We have developed a method to quantify (6-4) photoproducts in genes and other specific sequences within the genome. This approach utilizes the following two enzymes from Escherichia coli: ABC excinuclease, a versatile DNA repair enzyme which recognizes many types of lesions in DNA, and DNA photolyase, which reverts pyrimidine dimers. DNA is isolated from UV irradiated Chinese hamster ovary cells and digested with a restriction enzyme. Pyrimidine dimers, the major photoproduct produced at biological UV fluences, are then completely repaired by treatment with DNA photolyase. The photoreactivated DNA is treated with ABC excinuclease, electrophoresed in an alkaline agarose gel, transferred to a support membrane and probed for specific genomic sequences. Net incisions produced by ABC excinuclease following photoreactivation are largely due to the presence of (6-4) photoproducts. These adducts are quantitated by measuring the reduction of intensity of the full length fragments on the autoradiogram. Using this approach we have shown that (6-4) photoproducts are produced at equal frequency in the dihydrofolate reductase coding sequence and in its 3'-flanking, noncoding sequences and that the formation of (6-4) photoproducts is linear in both sequences up to a UV dose of 60 J/m2. The repair of (6-4) photoproducts in these DNA sequences was measured after a dose of 40 J/m2 over 4-, 8-, and 24-h time periods. The (6-4) photoproducts are repaired more efficiently than pyrimidine dimers in both sequences and there is preferential repair of (6-4) photoproducts in the dihydrofolate reductase gene compared with the downstream, noncoding sequences.     

Rapid repair kinetics of pyrimidine(6-4)pyrimidone photoproducts in human cells are due to excision rather than conformational change.
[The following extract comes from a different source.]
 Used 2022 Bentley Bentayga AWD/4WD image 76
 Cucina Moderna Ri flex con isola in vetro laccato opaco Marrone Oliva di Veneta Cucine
UV-induced pyrimidine(6-4)pyrimidone photoproducts in DNA of mammalian cells are apparently repaired much more rapidly than cyclobutane dimers. Since only immunological assays for (6-4) photoproducts have been sensitive enough for repair measurements, it was possible that these apparently rapid repair kinetics reflected a change in physical conformation of antibody-binding sites, resulting in epitope loss rather than excision. To discriminate between these possibilities, we developed a procedure to photochemically convert (6-4) photoproducts to single-strand breaks in UV-irradiated DNA with a background low enough to permit repair measurements. Analysis of a specific DNA sequence indicated that photoinduced alkali-labile sites (PALS) were induced with the same site-specificity as (6-4) photoproducts. Normal human and xeroderma pigmentosum (XP) variant cells rapidly excised (6-4) photoproducts measured as PALS, but little repair was seen in cells from XP complementation group A. These repair kinetics corresponded to those determined in the same samples by radioimmunoassay of (6-4) photoproducts. Thus we conclude that the rapid repair of (6-4) photoproducts observed in UV-irradiated human cells is not the result of a conformational change resulting in epitope loss, but reflects excision of this photoproduct from DNA.